* _Task requirements_: I'd like the entries repeated exactly, without their pictures.

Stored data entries
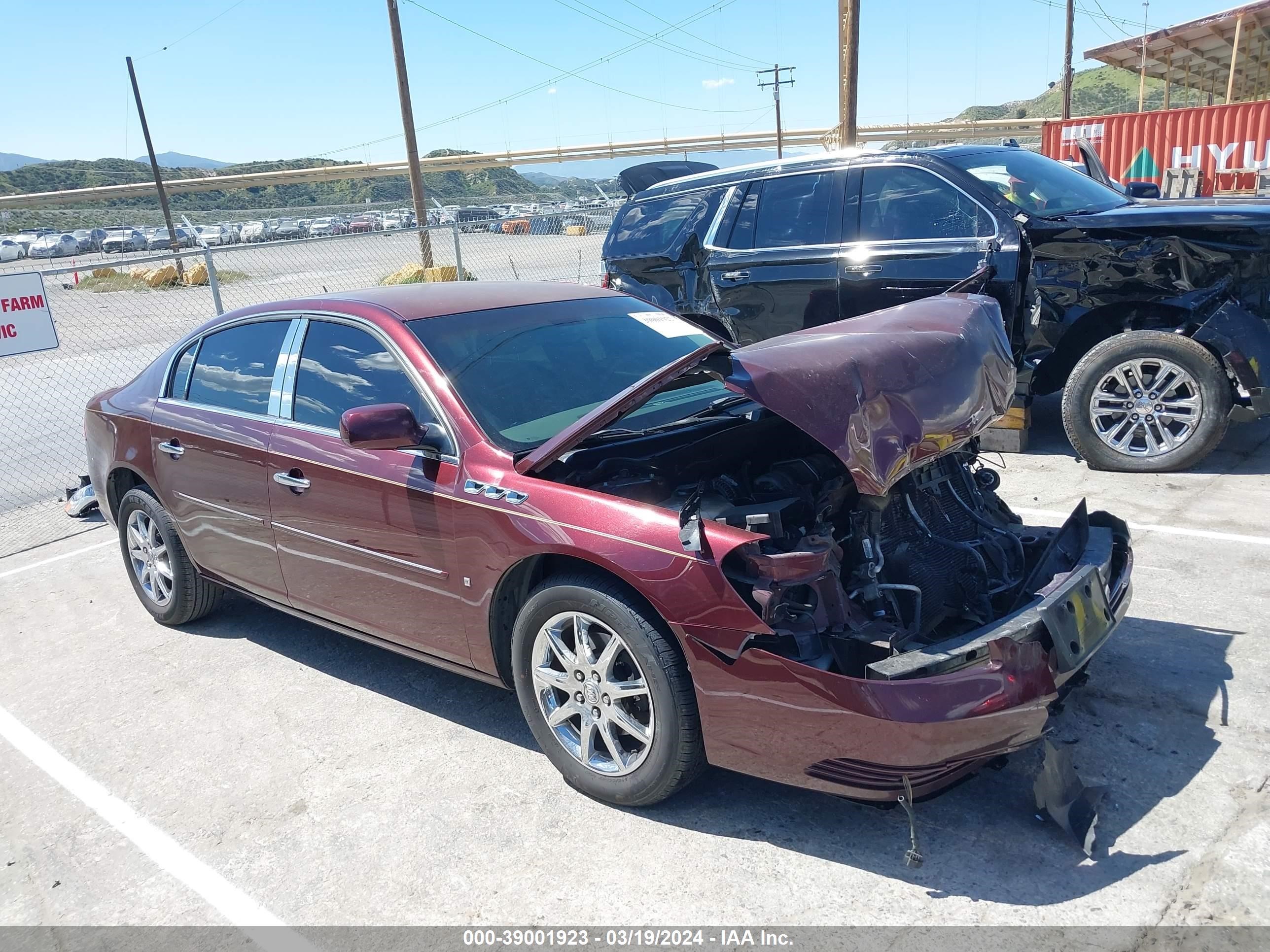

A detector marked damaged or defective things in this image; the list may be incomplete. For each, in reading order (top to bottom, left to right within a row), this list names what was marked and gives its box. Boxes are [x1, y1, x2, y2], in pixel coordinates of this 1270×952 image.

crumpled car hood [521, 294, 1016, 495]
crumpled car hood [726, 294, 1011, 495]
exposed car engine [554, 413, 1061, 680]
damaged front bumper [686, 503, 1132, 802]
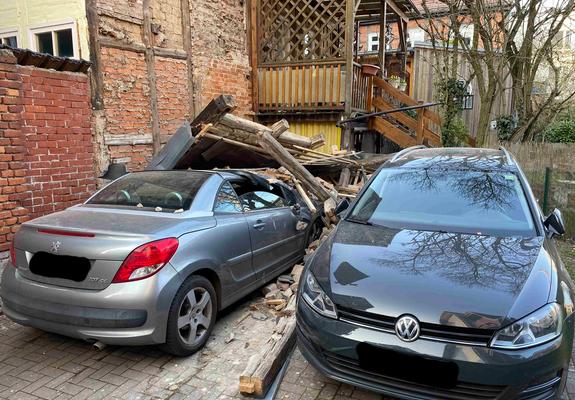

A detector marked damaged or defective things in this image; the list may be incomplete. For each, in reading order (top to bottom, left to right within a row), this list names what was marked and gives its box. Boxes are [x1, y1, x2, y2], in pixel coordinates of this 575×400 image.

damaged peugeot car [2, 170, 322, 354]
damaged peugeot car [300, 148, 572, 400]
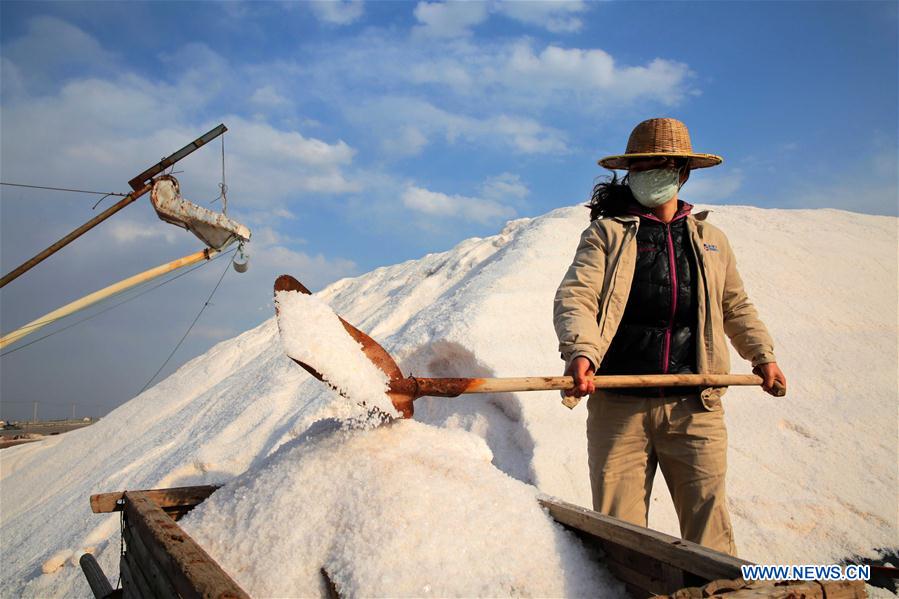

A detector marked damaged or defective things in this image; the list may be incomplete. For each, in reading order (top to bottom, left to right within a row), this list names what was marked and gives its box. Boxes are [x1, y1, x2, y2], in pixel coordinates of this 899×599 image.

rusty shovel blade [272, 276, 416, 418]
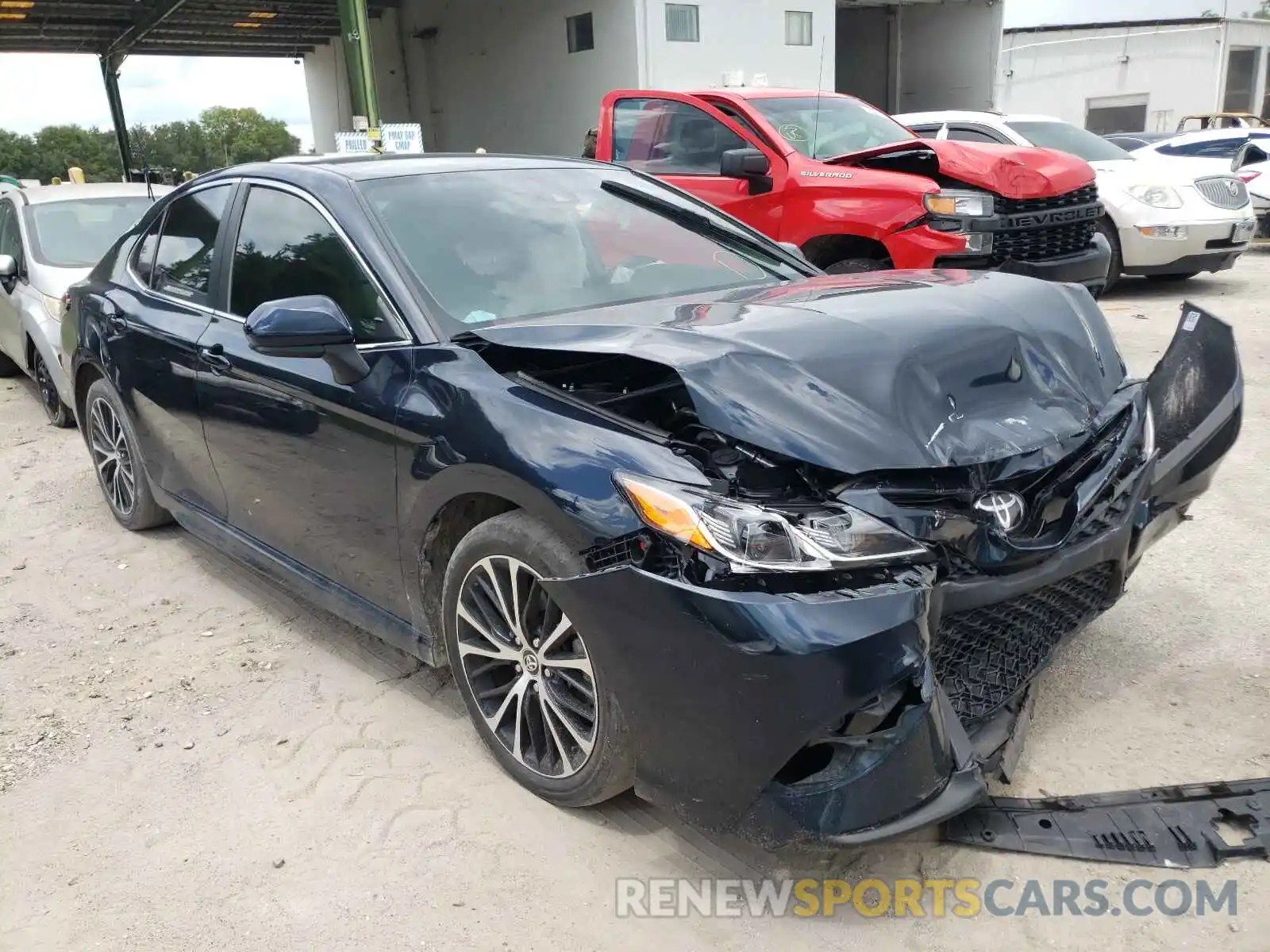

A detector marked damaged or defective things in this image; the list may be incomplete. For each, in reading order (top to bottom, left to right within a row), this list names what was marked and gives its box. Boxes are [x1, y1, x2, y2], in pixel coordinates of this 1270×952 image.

* _Output below_:
A detector marked damaged or defective things in this image; the list may be incomplete. For each, in reading order (top to bottom, left to right within a row), this list names what was marked and gives its box. Boxes are [x1, y1, x2, y2], in pixel coordinates of this 1270×952 image.

crumpled car hood [521, 294, 1016, 495]
crumpled car hood [726, 294, 1011, 495]
exposed car engine [554, 413, 1061, 680]
damaged front bumper [686, 503, 1132, 802]

A detector marked damaged or defective things in this image; the list may be incomplete. For each, in reading order (top to bottom, left to right within a row), this list names what was marked and gives its box. Boxes are [x1, y1, x2, y2], in pixel coordinates of this 575×400 image.

damaged peugeot car [2, 170, 322, 354]
damaged peugeot car [300, 148, 572, 400]

A detector marked damaged or defective things in this image; the list may be incomplete. For each, in reading order (top to bottom, left to right within a row), this list names what was marked and gives its box. Boxes are [x1, y1, x2, y2], in pixel coordinates of this 899×599 image.

rusty shovel blade [272, 276, 416, 418]

A detector marked damaged or defective things in this image; the list may be incomplete. For each, in reading order (top to bottom, left to right within a row), this list names what was marked and gives its box. Boxes are [x1, y1, x2, y2], in pixel coordinates of this 1270×952 image.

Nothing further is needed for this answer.